Adding database indexes

When taking a closer look at phpmyadmin advisor after tuning the database settings, almost all advices are focussed on adding indexes to tables. The issue is:

"There are too many joins without indexes."

I can start adding indexes on those columns I suspect are hit most, but I'd like to make a more informed decision here.

What tables or columns should be indexed ?

The most really slow query is search, by far and also the most used (slow query). I gues that is true for everyone with a substantial number of entitities.

  • We should have all necessary indexes in place. If you have some problematic query, please provide it together with result of running EXPLAIN on it and brief info where did it come from.

  • I think anything where you join tables there is an issue. My biggest issue is entering a search query. It takes more  20 seconds to fullfill and that is with the default search plugin.

    Other high demand queries are custom made, like joined activity from multiple groups and friends suggestions based on location, common interest, groups and joined friends. Which offcourse is a heavy query when having more than let's say 200 friends.

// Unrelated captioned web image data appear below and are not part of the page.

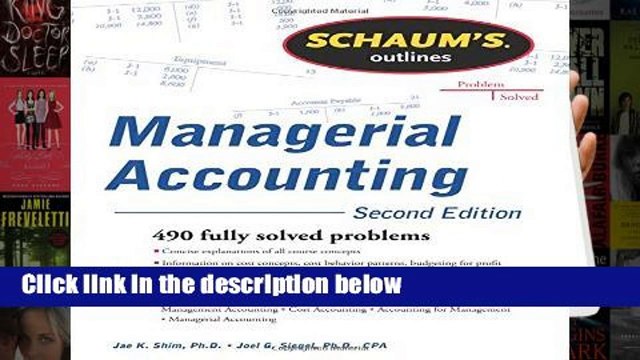 Best product Schaum s Outline of Managerial Accounting, 2nd Edition (Schaum s Outlines)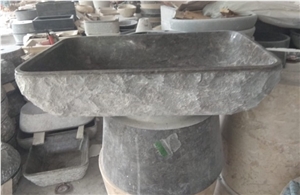 Marble Thin Washbasin, Marble Thin Vessel Basin, Marble Sinks, Stone Basin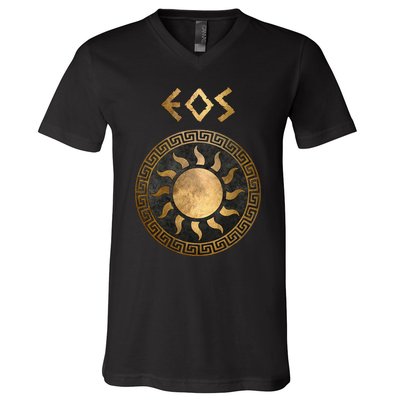 Eos Greek Goddess Of The Dawn Symbol V-Neck T-Shirt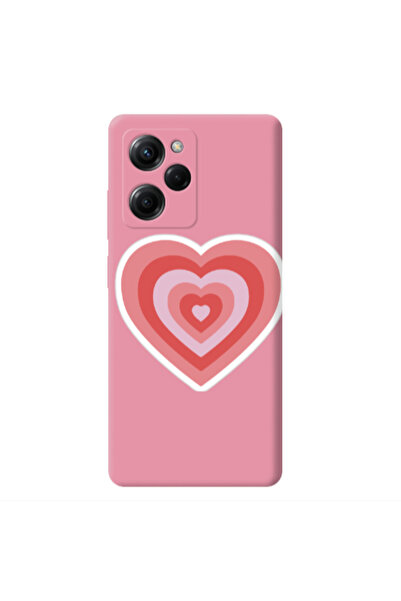Other Xiaomi Poco X5 Pro My Heart Is Yours Pink Colored Silicone TPU Θήκη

But let's focus on search first.

    How to improve search queries, using indexes.

  • If you don't provide technical details of your problem, we can't help you.

    You're talking about search query, so I ask you to give us here your problematic query SQL. To answer the question if there's problem with indexes or not, having result of EXPLAIN runned on this particular query is essential.

    Keeping this topis at this general level makes no point as you won't get good answer.

    To see how to create index, you may look here: http://dev.mysql.com/doc/refman/5.0/en/create-index.html but you should be able to google it yourself. There are downsides of having too many indexes as well as having joins may be actually computed in efficient way. There are a lot of pitfalls in constructing efficient queries, so checking how query planner treats particular query will tell us more than anything else.

  • Well I would if I could, how do I know what the query looks like of an ordinary search ?

    I do want to answer the question you raised, but I did not write the code for a search query. It is a core function, do you want me to find out how it is actually done in SQL ?

  • Search is the most inefficient query elgg has, a number of our larger sites we've had to disable core search entirely and replace it with SOLR or similar.

    I would like to fix up core search efficiency as a goal for 1.10

     

    You can view queries in elgg if you use the developer tools plugin, set it to log to the screen and set the lowest level of logging - you'll get a lot of logs at the bottom of the page including the SQL of all queries used to build the page.  Run a search for something gibberish that won't return any results, on the results page search for your gibberish and you should find the query pretty quick.

  • Ok, will do. If I find any quick wins there, I'll post them here.

  • @Matt , btw is there a SOLR/Lucene 1.8 plugin ? I found an old 1.6 one, but I guess you are not using that for new sites.

  • There's not a publicly available one that I'm aware of - the one I'm using is quite a bit too customized for the specific sites I'm running to be useful as a general thing, but I do want to pare it down to one that can be useful out of the box.